What is it time for? A reality check to remind me that sometimes my most stressful problems of the hour can be so insignificant compared to what befalls other people. Tucked away in collegeland with no TV and a really static-y alarmclock radio, it's easy for me to overindulge in my own problems (as big or small as they may be) and forget about what's going on in the rest of the world. Katrina and a movie I saw tonight burst my bubble.

Reality Check #1:
A few days before Katrina made landfall, my neighbor, a meteorology major, posted a satellite picture of Katrina on her door. She giddily encaptioned it with, "Category 5! It's going to DESTROY New Orleans!" Katrina, or what was left of it, rolled into upstate New York rather uneventfully a few days ago. First came the clouds, and then two days of rain helped relieve this part of the country which apparently suffered from a pretty bad drought this summer. (Although, considering this is one of the cloudiest/rainiest parts of the country, a drought might have not been such a bad thing...) That was just about all I knew about Katrina at first.

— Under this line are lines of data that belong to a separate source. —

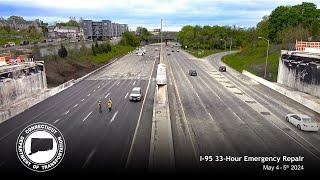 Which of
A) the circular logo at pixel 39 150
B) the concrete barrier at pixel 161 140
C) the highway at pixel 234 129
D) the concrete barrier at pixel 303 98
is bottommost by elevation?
the highway at pixel 234 129

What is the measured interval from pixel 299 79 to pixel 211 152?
3230cm

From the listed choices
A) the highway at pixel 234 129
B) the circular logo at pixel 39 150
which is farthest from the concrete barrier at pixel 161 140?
the circular logo at pixel 39 150

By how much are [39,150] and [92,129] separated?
17243 mm

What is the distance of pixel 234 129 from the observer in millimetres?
30359

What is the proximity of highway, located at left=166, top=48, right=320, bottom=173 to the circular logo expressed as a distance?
7678 millimetres

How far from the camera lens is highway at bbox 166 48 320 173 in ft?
75.4

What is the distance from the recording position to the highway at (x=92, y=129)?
835 inches

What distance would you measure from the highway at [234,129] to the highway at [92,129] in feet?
10.2

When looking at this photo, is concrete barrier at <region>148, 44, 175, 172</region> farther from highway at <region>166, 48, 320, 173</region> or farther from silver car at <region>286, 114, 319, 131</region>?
silver car at <region>286, 114, 319, 131</region>

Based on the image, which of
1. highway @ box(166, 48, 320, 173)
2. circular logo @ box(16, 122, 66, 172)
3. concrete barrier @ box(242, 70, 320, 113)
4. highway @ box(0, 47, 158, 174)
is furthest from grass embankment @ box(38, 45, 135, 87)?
circular logo @ box(16, 122, 66, 172)

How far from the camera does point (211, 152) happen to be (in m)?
24.3

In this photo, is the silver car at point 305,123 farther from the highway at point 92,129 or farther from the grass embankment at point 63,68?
the grass embankment at point 63,68

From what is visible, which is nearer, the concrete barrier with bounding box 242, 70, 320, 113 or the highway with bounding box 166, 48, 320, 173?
the highway with bounding box 166, 48, 320, 173

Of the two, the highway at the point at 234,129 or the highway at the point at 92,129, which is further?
the highway at the point at 234,129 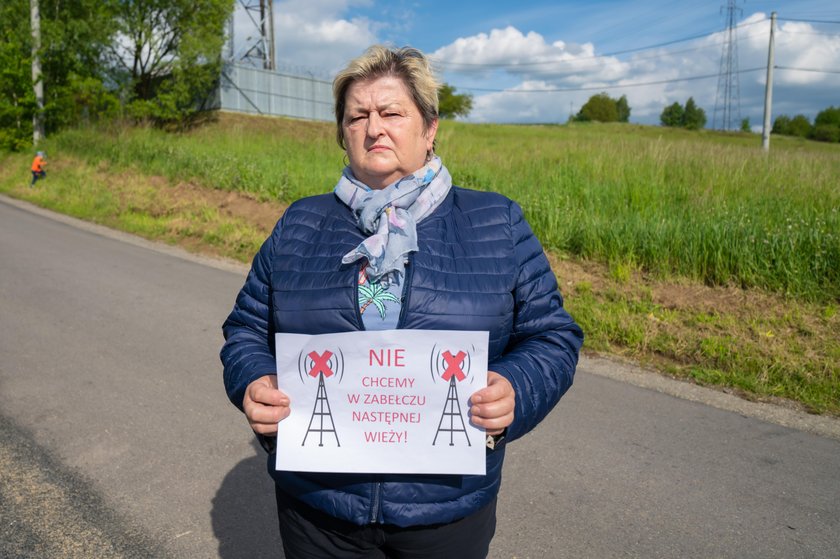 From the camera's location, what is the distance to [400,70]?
6.57 feet

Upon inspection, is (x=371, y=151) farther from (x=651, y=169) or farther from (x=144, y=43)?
(x=144, y=43)

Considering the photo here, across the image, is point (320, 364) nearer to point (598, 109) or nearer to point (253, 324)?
point (253, 324)

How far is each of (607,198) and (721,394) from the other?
4.98 meters

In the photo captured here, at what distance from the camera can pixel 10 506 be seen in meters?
A: 3.46

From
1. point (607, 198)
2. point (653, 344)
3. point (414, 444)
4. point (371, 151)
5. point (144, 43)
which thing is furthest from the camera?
point (144, 43)

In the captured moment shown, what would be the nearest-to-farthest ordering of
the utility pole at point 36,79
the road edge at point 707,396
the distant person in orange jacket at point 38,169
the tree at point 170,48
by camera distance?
1. the road edge at point 707,396
2. the distant person in orange jacket at point 38,169
3. the utility pole at point 36,79
4. the tree at point 170,48

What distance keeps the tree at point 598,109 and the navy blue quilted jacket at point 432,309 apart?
13061cm

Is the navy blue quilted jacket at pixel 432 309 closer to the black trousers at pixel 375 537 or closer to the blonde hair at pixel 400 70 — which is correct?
the black trousers at pixel 375 537

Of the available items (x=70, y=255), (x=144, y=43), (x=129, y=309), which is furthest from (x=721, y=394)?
(x=144, y=43)

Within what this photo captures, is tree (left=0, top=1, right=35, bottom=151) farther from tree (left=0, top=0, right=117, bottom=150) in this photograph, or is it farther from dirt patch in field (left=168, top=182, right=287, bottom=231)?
dirt patch in field (left=168, top=182, right=287, bottom=231)

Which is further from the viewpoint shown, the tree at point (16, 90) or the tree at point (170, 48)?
the tree at point (170, 48)

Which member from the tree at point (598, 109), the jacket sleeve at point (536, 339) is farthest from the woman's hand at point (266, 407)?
the tree at point (598, 109)

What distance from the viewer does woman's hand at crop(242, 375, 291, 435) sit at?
1744mm

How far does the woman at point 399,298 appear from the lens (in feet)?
5.90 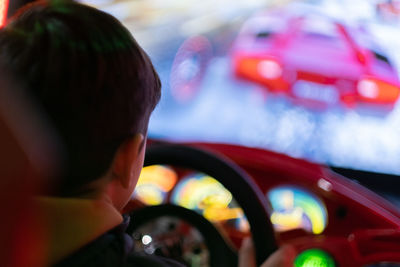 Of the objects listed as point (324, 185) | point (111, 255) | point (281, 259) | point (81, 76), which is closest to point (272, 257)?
point (281, 259)

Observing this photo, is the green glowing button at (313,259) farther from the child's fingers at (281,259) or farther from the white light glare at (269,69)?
→ the white light glare at (269,69)

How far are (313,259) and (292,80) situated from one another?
0.73m

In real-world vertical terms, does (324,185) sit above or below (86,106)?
below

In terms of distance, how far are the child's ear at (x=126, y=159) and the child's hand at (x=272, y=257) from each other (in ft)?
0.56

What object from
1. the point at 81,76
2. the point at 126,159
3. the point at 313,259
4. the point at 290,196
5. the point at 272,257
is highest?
the point at 81,76

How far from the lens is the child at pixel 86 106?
0.55 m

For the next couple days the front headline on Yahoo! News was about Katrina, so I gleaned little bits of information from the panicked articles. Then I took a tour through an online photogallery of the mess Katrina left behind, and I was shocked to see something like Venice, Italy in New Orleans: water, instead of asphalt roads, checker-boxed the city! I also read Yolanda's accounts of the disaster as she tried to make contact with her family, and finally managed to track some of them down and hear first hand what has been going on. I've been trying to picture a metropolis of millions and countless small towns in the area as flooded ghosttowns mixed with some wild-west lawlessness, but for me it's been a fickle fleeting image that I just can't seem to comprehend.

Reality Check #2:
I saw the movie Crash tonight. Wow. Easily one of the most intense movies, especially impressive considering it was not made as a horror or thriller intended to spook people out. The movie is a chilling account of racial tensions in today's Los Angeles. It shows how stereotypes get confirmed and disconfirmed in our daily lives and how our impatient intolerance can sometimes be disastrous. Whew, it was an intense one, people.

After these reality checks, I was surprised to learn that my university was doing something quite considerate. My school's motto is the Big Red, and it only took a few days into my freshman orientation to convince me it should really be the Big Red Tape. I haven't been too proud or impressed of this ivy league institution in my two years here, but perhaps for the first time my university's giving me something to take pride in. Despite the fact that classes started a week and a half ago, we're opening our doors to Tulane University students and faculty and even offering financial aid. Given the administrative nightmare it is to process even enrolled students, this quick turnaround and acceptance is pretty admirable.

Although it's great that some Tulane students and faculty will be able to continue their work and study this year, I don't envy those who will be making the transition to another school. It's not easy to adjust, and it's especially not easy to adjust to a new school environment after classes have started, over 1000 miles away, perhaps without any friends or acquaintances, and after knowing that your school if not home has been severely impacted in a hurricane.

So I contacted my Dean of Students and told her that I'd be happy to show some new students around campus, take them out to dinner and introduce them to my friends. It's the least that I can do.